The rectangular palace complex is surrounded by four walls and has a combined area of more than 2.3 million square feet. Rather than being a single structure, the Grand Palace is made up of numerous buildings, halls, pavilions set around open lawns, gardens and courtyards. It is divided into several quarters: the Temple of the Emerald Buddha; the Outer Court, with many public buildings; the Middle Court, including the Phra Maha Monthien Buildings, the Phra Maha Prasat Buildings and the Chakri Maha Prasat Buildings; the Inner Court and the Siwalai Gardens quarter.

The Palace

The Palace

I toured the grounds, seeing the changing of the guard in front of the palace and the Dusit Throne Hall.

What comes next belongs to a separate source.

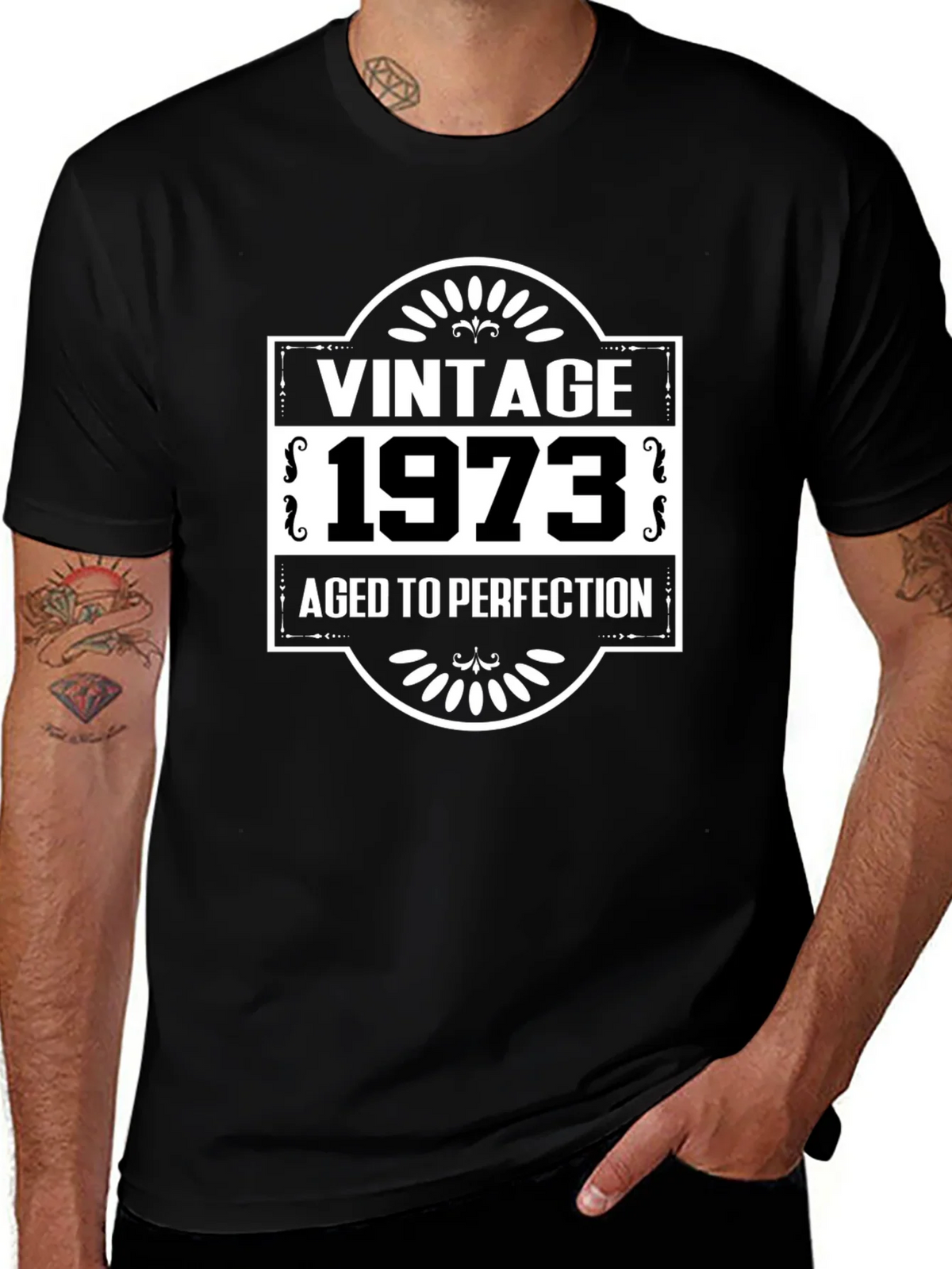 Vintage 1973 Aged to Perfection Black T-Shirt product image 1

One of my favorite structures was the Wat Phra Kaeo, containing its stunningly beautiful Emerald Buddha that dates back to the 14th century. The Temple of the Emerald Buddha is considered Thailand’s most valued temple, and it was the first Buddhist temple that I had ever toured. I reflected upon the experience while the monks chanted their afternoon prayers. It was a very peaceful moment.

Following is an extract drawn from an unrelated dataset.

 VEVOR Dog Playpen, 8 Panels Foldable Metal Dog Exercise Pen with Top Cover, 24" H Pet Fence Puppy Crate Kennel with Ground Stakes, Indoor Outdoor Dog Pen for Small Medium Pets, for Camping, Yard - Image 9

Guard in front of the palace

Guard in front of the palace

Changing of the guard

Changing of the guard

The complex of temples and buildings that make up the Grand Palace

The complex of temples and buildings that make up the Grand Palace

Monastery at the Grand Palace

Monastery at the Grand Palace

Temple of the Emerald Buddha

Temple of the Emerald Buddha

Another view of the Grand Palace complex

Another view of the Grand Palace complex

Afterwards I walked next door to the Temple of the Reclining Buddha (Wat Pho) about a half mile south of the Grand Palace. Outside the temple, the grounds contain 91 chedis, four viharas (halls) and a bot (central shrine).

Wat Po

Wat Pho

Once I entered the temple, I was amazing by the size of the Buddha. The reclining Buddha is about 45 feet tall but an astounding 150 feet long from head the toes. His right arm supports his head with tight curls on two box-pillows made up of blue, richly encrusted with glass mosaics. Another amazing detail visible is the feet that are 15 feet high and inlaid with mother-of-pearl. The gold covering on the statue is absolutely stunning. It is the only reclining Buddha in the world. I learned that Thailand is about 95 percent Buddhist.

After my visit, I grabbed some ice cream nearby and bought a couple of things in a local street market. Then, I caught the river ferry across the Chao Praya River to the Temple of the Dawn (Wat Arun) located on the west bank.

Wat Arun

Wat Arun

Climbing up Wat Arun

Climbing up Wat Arun

Wat Arun is considered to be the most famous and photographed temple in Bangkok. Its spire soars more than 220 feet into the sky and is decorated with tiny pieces of colored glass and Chinese porcelain. I walked up a perilously steep flight of stairs that were extremely narrower than the length of my feet. I made sure I held on to railing because a fall here would probably be fatal. In fact, I am sure they wouldn’t let people climb such a structure in the U.S.

Sunset from Wat Arun

Sunset from Wat Arun

After watching sunset I was worn out and decided to head back to the hotel. I caught my first Tuk Tuk to the central rail station where I saw tourists waiting on the Chiang Mai night train. I then walked into the metro station and took the metro back to the Sukhumvit road station and took a taxi back to the hotel. I ate a snack, showered, watched a little of the BBC and Thai television before going to bed.